Mean whole-brain FA, MD, parallel and perpendicular diffusion values

Given the relatively diffuse nature of white matter alterations observed (i.e., alterations within regions of almost all of the major cortical white matter tracts), we calculated the mean FA, MD, parallel and perpendicular diffusion values across the skeleton as a whole, in order to test the hypothesis of gross alterations in diffusion irrespective of specific anatomical loci (e.g., as might result from artifacts such as excess motion within the patient group). There were no significant between-group differences in FA, MD, parallel or perpendicular diffusion values when averaged across the entire skeleton (F's < 1; p's > .35) between HC and BD II/NOS participants.

Subtype analyses

Findings from whole-brain comparisons of FA between participants with BD II vs.

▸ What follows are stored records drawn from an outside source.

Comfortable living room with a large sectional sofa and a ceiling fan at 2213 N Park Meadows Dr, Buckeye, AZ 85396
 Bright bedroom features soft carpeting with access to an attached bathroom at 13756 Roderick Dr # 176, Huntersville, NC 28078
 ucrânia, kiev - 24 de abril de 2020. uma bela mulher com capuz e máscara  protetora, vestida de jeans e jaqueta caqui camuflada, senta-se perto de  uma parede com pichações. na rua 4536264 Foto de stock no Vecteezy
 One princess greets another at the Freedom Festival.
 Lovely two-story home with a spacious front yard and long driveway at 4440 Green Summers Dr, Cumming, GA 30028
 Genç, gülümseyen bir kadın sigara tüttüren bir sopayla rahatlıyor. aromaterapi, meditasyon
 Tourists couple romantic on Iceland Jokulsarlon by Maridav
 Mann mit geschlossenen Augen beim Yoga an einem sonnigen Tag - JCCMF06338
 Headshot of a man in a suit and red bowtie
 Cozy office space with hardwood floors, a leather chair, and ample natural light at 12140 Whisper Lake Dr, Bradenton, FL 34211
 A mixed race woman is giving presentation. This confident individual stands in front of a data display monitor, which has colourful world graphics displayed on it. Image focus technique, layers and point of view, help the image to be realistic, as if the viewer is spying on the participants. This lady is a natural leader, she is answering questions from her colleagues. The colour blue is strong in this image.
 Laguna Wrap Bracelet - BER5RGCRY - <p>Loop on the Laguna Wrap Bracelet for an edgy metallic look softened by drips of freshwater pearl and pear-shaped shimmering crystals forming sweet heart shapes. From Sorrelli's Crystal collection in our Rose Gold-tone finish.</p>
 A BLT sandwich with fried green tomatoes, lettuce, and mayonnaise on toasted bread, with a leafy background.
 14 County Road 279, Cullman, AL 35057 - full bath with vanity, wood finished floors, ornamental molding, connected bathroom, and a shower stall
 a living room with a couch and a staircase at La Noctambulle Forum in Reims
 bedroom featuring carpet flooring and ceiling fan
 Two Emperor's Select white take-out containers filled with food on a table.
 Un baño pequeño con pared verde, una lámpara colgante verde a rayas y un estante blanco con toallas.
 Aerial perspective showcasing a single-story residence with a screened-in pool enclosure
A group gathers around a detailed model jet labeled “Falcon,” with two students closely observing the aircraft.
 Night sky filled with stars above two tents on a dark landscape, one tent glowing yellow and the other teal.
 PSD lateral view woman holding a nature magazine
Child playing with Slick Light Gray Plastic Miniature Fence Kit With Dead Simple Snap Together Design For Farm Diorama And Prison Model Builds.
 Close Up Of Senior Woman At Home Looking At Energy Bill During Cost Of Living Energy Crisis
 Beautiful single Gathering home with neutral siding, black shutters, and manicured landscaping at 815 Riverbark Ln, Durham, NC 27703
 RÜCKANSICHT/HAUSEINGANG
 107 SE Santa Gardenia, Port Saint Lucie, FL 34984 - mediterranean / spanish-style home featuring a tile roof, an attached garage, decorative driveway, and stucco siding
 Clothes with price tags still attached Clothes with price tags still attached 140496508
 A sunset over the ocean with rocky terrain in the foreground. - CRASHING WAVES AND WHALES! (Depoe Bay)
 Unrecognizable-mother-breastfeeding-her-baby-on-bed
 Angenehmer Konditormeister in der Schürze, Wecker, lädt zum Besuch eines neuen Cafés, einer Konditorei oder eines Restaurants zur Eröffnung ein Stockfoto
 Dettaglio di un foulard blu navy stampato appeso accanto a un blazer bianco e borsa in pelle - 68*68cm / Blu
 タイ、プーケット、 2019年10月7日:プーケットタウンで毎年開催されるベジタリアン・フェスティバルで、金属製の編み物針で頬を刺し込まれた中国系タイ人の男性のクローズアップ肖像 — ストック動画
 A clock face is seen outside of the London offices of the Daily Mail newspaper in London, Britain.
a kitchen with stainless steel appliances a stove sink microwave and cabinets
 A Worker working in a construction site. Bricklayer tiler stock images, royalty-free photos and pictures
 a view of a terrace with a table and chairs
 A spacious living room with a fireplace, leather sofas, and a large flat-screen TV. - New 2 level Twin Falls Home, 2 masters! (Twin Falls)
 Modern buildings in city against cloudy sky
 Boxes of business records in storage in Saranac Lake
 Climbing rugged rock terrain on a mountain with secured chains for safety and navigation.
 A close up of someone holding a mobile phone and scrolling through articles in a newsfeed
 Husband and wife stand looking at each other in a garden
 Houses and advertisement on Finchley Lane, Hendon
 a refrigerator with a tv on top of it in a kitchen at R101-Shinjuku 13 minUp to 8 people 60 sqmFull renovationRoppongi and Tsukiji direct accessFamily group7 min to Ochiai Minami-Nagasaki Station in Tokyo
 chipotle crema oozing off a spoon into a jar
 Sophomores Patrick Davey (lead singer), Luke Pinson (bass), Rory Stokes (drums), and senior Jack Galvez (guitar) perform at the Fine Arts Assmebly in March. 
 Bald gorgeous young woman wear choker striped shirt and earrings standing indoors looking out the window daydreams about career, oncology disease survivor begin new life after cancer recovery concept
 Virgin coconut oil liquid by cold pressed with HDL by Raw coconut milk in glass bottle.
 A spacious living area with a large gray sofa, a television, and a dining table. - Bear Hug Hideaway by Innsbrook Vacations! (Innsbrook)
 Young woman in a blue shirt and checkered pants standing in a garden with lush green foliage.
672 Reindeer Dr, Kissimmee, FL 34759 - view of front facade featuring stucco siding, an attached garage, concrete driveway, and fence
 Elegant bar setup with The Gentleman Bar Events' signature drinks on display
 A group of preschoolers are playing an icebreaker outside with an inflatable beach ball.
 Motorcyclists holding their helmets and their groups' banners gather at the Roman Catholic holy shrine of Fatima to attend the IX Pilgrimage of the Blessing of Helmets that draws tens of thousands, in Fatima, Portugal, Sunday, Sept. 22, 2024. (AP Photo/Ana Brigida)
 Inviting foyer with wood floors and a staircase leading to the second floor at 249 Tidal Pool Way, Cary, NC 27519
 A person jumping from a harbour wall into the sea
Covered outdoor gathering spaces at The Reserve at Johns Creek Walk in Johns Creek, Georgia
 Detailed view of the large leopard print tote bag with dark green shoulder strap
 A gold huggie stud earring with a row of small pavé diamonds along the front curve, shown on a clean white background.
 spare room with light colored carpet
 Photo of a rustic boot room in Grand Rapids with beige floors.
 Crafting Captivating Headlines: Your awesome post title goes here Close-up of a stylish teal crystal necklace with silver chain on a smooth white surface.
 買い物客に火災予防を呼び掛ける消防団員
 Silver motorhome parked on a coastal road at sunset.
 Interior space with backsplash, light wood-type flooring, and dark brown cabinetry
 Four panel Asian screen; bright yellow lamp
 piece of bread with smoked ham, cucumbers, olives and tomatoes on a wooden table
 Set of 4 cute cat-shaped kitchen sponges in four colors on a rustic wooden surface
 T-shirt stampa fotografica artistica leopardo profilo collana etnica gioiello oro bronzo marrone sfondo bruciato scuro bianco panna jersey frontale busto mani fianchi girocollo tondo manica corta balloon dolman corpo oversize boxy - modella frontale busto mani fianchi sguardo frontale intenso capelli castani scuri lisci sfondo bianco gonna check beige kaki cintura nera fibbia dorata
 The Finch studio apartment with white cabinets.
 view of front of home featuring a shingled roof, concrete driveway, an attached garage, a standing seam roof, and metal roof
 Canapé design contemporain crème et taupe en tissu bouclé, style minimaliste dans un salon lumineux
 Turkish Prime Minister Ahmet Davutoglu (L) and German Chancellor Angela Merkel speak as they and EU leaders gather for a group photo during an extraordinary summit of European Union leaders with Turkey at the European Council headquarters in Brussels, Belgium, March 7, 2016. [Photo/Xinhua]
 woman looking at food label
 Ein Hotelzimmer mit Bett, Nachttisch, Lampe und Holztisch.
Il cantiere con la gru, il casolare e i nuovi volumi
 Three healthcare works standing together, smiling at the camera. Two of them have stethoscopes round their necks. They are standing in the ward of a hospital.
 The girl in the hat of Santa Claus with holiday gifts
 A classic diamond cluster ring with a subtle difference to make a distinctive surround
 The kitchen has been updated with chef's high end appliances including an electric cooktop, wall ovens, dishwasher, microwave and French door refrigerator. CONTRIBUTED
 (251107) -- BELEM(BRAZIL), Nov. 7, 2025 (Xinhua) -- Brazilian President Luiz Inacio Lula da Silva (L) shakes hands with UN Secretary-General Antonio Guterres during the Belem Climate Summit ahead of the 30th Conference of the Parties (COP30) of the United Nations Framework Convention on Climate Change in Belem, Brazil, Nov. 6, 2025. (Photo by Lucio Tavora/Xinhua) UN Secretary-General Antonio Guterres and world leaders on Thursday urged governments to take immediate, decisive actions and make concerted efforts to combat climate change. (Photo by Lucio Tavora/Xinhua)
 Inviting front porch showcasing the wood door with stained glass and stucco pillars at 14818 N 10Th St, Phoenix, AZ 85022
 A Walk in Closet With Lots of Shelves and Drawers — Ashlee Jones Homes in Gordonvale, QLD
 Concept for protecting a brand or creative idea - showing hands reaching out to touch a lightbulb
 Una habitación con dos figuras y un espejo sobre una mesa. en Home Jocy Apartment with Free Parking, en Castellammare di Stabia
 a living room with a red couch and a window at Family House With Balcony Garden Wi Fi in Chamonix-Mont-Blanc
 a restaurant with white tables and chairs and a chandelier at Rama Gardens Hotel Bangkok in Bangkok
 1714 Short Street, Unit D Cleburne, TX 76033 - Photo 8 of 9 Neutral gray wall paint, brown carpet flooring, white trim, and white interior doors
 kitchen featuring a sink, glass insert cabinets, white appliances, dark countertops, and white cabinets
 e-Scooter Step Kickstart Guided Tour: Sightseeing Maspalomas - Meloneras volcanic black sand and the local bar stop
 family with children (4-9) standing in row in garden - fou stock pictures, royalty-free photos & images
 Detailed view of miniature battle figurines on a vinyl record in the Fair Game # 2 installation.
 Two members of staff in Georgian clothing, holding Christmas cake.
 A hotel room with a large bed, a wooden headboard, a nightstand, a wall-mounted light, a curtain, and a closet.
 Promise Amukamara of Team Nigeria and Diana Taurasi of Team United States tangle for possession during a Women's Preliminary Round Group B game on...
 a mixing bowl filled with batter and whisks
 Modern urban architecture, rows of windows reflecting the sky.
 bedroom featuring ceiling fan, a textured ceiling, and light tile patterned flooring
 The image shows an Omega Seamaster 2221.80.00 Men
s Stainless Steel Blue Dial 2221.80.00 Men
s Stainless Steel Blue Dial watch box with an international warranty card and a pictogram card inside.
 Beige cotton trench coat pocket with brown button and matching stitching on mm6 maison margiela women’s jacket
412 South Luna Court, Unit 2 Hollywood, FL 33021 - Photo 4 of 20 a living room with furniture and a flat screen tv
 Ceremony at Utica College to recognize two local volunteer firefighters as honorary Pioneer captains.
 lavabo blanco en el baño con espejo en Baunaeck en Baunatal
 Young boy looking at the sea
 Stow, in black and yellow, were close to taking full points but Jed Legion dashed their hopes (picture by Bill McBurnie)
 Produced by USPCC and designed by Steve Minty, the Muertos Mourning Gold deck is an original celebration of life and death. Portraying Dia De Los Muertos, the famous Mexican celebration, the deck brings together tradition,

HC participants and BD NOS vs. HC participants are shown in Fig. 2. In comparison to HCs, both BD II and NOS groups had significant widespread reductions across the mean FA skeleton, including regions of the genu, body, splenium, forceps major and minor, bilateral anterior thalamic radiations, external capsules, inferior fronto-occipital fasciculi, inferior and superior longitudinal fasciculi, uncinate fasciculi and brainstem.
Fig. 2

Results of whole-brain comparisons of FA among participants with BD II and BD NOS in comparison to healthy controls. The mean FA skeleton for each group is shown in green, and regions of significantly reduced FA (TFCE-corrected for multiple comparisons across space) are shown in blue. BD II = bipolar II disorder; HCs = healthy controls; BD NOS = bipolar disorder not-otherwise-specified. (For interpretation of the references to color in this figure legend, the reader is referred to the web version of this article.)

Whole-brain increases in MD and perpendicular diffusion across the mean skeleton were observed among BD NOS participants across regions of genu, body, splenium, forceps major and minor, bilateral anterior thalamic radiations, cingula, external capsules, inferior fronto-occipital fasciculi, inferior and superior longitudinal fasciculi and uncinate fasciculi. Exploratory analyses using a less stringent threshold (p < .06, TFCE-corrected) revealed comparable increases for BD II participants versus HCs in perpendicular diffusion across the mean skeleton, including regions of genu, body, splenium, major and minor forceps, right cingulum, bilateral anterior thalamic radiations, external capsules, inferior fronto-occipital fasciculi, inferior and superior longitudinal fasciculi and uncinate fasciculi. No significant differences in whole-brain FA, MD, parallel or perpendicular diffusion values were observed between participants with BD II versus those with BD NOS.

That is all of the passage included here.